Честность может оказаться единственным шансом уцелеть

08. 10. 1991

PDF файл

Цикл нашего политического развития сейчас вырисо­вывается достаточно ясно. Это еще одна модификация обычного революционного цикла, идущего от старого, внешне монолитного, но прогнившего насквозь режима, когда-то — жестокого, но в конце ставшего «от старости» как бы и либеральным, через период все большей демокра­тизации к диктатуре, в которой, при внешне радикальной перемене всех идеологических знаков на противополож­ные, фактически восстанавливается в новой (всегда непол­ной, но зато часто более «энергичной» форме старое содер­жание). Так развивались и французская революция (от Людовика к Робеспьеру, а затем — Наполеону), и первая русская (от самодержавия к Ленину и затем Сталину), и множество других революций. Так развиваемся и мы — от «старого режима» Брежнева к эйфории ранней пере­стройки, к первому съезду народных депутатов СССР, удивительно напоминающему своим ограниченным, «со­словным» представительством Генеральные Штаты или Государственную думу, затем — к уже чисто демократиче­ским выборам в республиканские органы власти, к кото­рым в ходе развития революции все более и переходит ре­альная власть, и, наконец, после августовских событий — к практическому исчезновению власти «старого режима» и начавшемуся наступлению на демократические институ­ты уже «с другой стороны».

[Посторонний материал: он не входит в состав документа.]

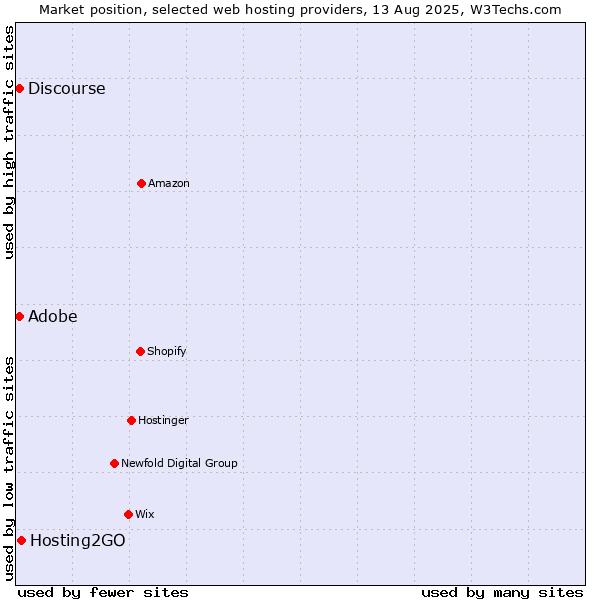 Market position of Hosting2GO vs. Adobe vs. Discourse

Народ, в котором раздражение против старых порядков и старой идеологии все же замет­но превалирует над приверженностью демократии, уже «выпустил пар», сбросил памятники и сейчас явно хочет новой «сильной власти», которая наведет порядок, поло­жив конец «парламентской говорильне». Поэтому идущие и намечающиеся сейчас битвы законодательной власти с исполнительной — это битвы арьергардные. Голодавшие депутаты Моссовета не смогли созвать на митинг столько людей, сколько собрали «поповцы», и раздираемому борь­бой фракций российскому парламенту явно не тягаться с «харизматической» личностью «народного президента», в котором националистические депутаты из бабуринской группы «Россия», похоже, также начинают видеть «сво­его» — как многие «белые», прозревая, начинали понимать, что большевики и есть воссоздатели царства и собиратели земли русской. Тенденция к тому, что Россия (и уже не как основа великой державы — СССР, а как страна, которой суждено занять в мире место где-то рядом с Бразилией) вернется (во всяком случае на какое-то время) к привыч­ным для нее авторитарным методам управления, с каждым днем все очевиднее.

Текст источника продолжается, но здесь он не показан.